В июле 1914 года Международное социалистическое бюро созвало в Брюсселе конференцию всех групп и фракций русской социал-демократической рабочей партии. Участвовали и примыкавшие к ней или входившие в нее на правах ассоциированных членов политические организации национальных меньшинств России. Цель конференции была, естественно, все та же — добиться объединения всех левых сил. Ленин знал, что на это не пойдет никогда, какое бы решение конференция ни приняла, и поэтому в Брюссель не поехал. Его представляла делегация из трех членов ЦК во главе все с той же Инессой Арманд. Но членом ЦК она никогда не была!.. Могла ли остановить Ильича эта пустая формальность? Она не была членом ЦК, но она была Инессой, то есть — в данном случае — alter ego большевистского лидера: это место всецело принадлежало только ей одной.
До начала войны оставались уже считанные дни — вроде бы самое время было забыть о прежних разногласиях и найти общий язык. Но за принципами, которыми нельзя поступаться, стояли вполне конкретные, притом весьма прозаические, причины. Плеханов не без основания был убежден, что Ленин ни с кем не хочет делить партийную кассу. «Экспроприированные» (то есть попросту захваченные во время грабительских налетов), равно как и полученные по наследству от доброхотов, деньги Ленин берег для «мировой революции», а пока что вполне успешно пользовался ими сам. Кроме того, только что разразился скандал в связи с загадочным бегством Романа Малиновского, внезапно и самовольно отказавшегося от депутатского мандата. Меньшевики (да и проницательные большевики — в лице Бухарина — тоже) сразу же заподозрили «грамотного пролетария» в связи с царской полицией, но это наносило неслыханный удар по престижу самого Ильича, который не скупился на восторженные отзывы о своем ставленнике и лично передвигал его по партийной лестнице все выше и выше.

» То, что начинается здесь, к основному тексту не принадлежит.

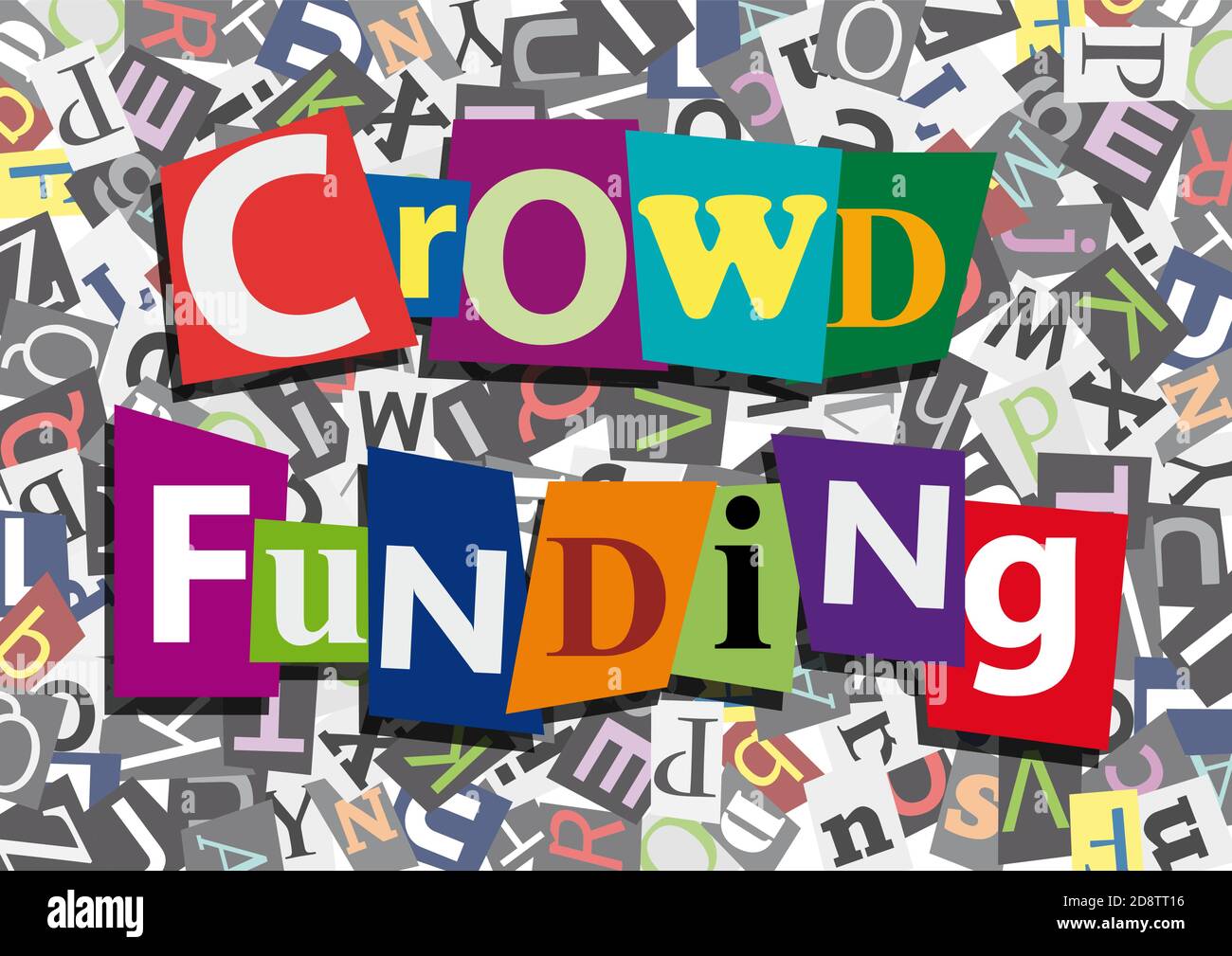 Crowdfunding, anonyme Nachricht in flachem Design Stock Vektor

В галицийском городке Поронин, вблизи русской границы, шло партийное «следствие по делу Малиновского». В роли следователей выступали три большевика — сам Ленин, его ближайший сподвижник Григорий Зиновьев и Яков Ганецкий, которому всего лишь через неполных три года предстоит сыграть значительную роль в подготовке захвата власти. Несмотря на убедительные доказательства, подтверждавшие причастность Малиновского к арестам многих партийцев и представленные не только меньшевиком Александром Трояновским, но и большевиками Николаем Бухариным, Николаем Крыленко, Еленой Розмирович, партийное следствие признало вину Малиновского недоказанной. «Все это происки меньшевиков, которые хотят нас дискредитировать», — утверждал Ленин. «Можно ли быть судьей в своем собственном деле?» — задавала резонный вопрос Коллонтай, рассказывая о поронинском «следствии» в письме Зое Шадурской.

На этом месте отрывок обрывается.